Saving for Retirement

College graduates who are about to begin their careers will face an overwhelming number of financial choices, including how best to save for retirement. Consider: The newly employed have one or more retirement account options from which to choose, including Roth IRAs, traditional IRAs, and traditional 401(k) plans, that may or may not have a Roth 401(k) option, say the authors of a new paper on the subject. What’s more, many young workers likely have employers that provide a matching contribution, according Gregory Geisler, an associate professor of accounting at the University of Missouri Saint Louis and Jerry Stern, a professor of accounting at Indiana University-Bloomington.

So what’s the most tax-efficient way for those starting their work lives to build the biggest nest egg possible?

Well, there’s a three-step decision-making hierarchy to follow, according to Geisler and Stern’s paper, Retirement Account Options When Beginning a Career, which appeared in the May issue of the Journal of Financial Service Professionals. “And this hierarchy is what will make the individual wealthiest after considering taxes,” says Geisler.

Step 1. The best option for recent graduates is to contribute to a Roth 401(k) (or Roth 403(b)), at least enough to get the maximum matching contribution from your employer, according to Geisler and Stern.

If you don’t have the Roth 401(k) opportunity, Geisler and Stern recommend contributing to a traditional 401(k) up to the company match. To be sure, the maximum employer match varies widely, but the most common match is 50 cents for every dollar you contribute up to 6% of your salary. “Contribute enough to receive the maximum employer match,” Geisler and Stern wrote in their paper.

The authors note that contributions to Roth 401(k)s and Roth IRAs are made with after-tax dollars, that is, the contributions do not generate a tax deduction or exclusion. However, the big benefit to Roths is this: qualified withdrawals are not subject to tax — neither the contributions nor the earnings are taxed.

In contrast, contributions to traditional 401(k)s and deductible contributions to traditional IRAs are made with before-tax dollars and the contribution amounts are not taxed until they are withdrawn. What’s more, all of the earnings of traditional 401(k)s and traditional IRAs are subject to tax at withdrawal.

The reason for contributing first to a Roth 401(k) vs. a traditional 401(k) has to do with your current and your future tax brackets. “At the beginning of most white-collar careers, the individual’s marginal tax rate is significantly lower, for example the 15% federal tax bracket, than it will be when they are retired if they have consistently saved for retirement over their careers,” says Geisler. “Such an individual will probably be in the 25% rate bracket or higher when they are retired and are collecting Social Security and are taking distributions from their retirement accounts.”

In other words, distributions from your traditional 401(k) would be taxed at 25% while distributions from a Roth 401(k) won’t be taxed at all.

Assuming a $3,000 annual contribution by the employee and a matching $1,500 by the employer (which must be made to the employee’s 401(k)) that grows at 7% annually over the course of a 30-year career, the authors noted that a person would accumulate $416,926 after taxes if employee contributions were to a Roth 401(k) vs. $397,975 if to a traditional 401(k), assuming one’s marginal tax rate rises from 20% to 25% over their lifetime.

Step 2. Now, if there is no employer match or if you still have funds available after deferring enough of your salary to get the maximum 401(k) match, you should invest the maximum possible into a Roth IRA. For 2014, the maximum is $5,500 or $6,500 if age 50 or older.

Why do this?

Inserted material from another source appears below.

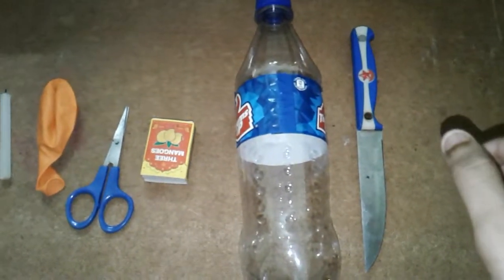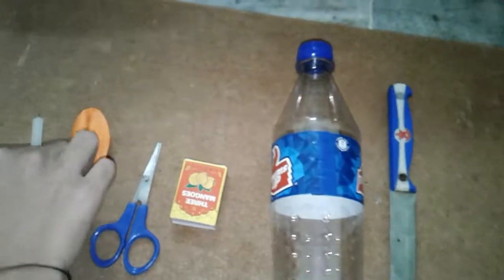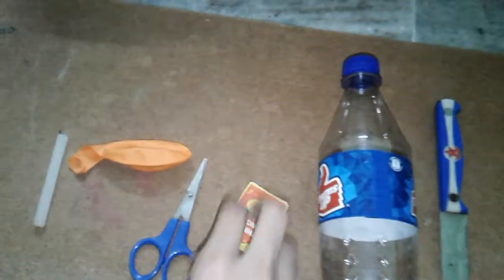Hi, this is Surya. We are doing balloon magic. What we want: one candle, one balloon, one scissor, one matchbox, one thumbs up bottle, and one knife. First, we want to take the bottle and cut it with this knife.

In short, you’ll have more investments from which to choose. “Even if there is a Roth 401(k) option, the reason for choosing a Roth IRA instead of unmatched contributions to a Roth 401(k) or traditional 401(k) is the availability of a wider variety of investment choices for a Roth IRA,” the authors wrote. “Thousands of mutual funds are available to an IRA investor.”

For instance, unlike most 401(k) plans, the authors say the money in an IRA can be invested in publicly traded stocks or bonds or exchange-traded funds (ETFs). Plus, there are no required minimum distribution (RMDs) with Roth IRAs. By contrast, RMDs must start by April 1 of the year after turning age 70½ for traditional IRAs, traditional 401(k)s, and Roth 401(k)s.

Step 3. And, lastly, if you have any money left to sock away for retirement, contribute as much as possible to your Roth 401(k). If you don’t have a Roth 401(k), invest whatever you can in a traditional 401(k).

According to the authors, one reason for setting aside money in Roth accounts has to do with what they call tax rate risk. “For Roth investments, regardless of whether tax rates are rising, falling, or remaining constant over time, employees can depend on their annualized after-tax rates of return and future after-tax values to be unaffected by changing marginal tax rates,” the authors wrote in their study.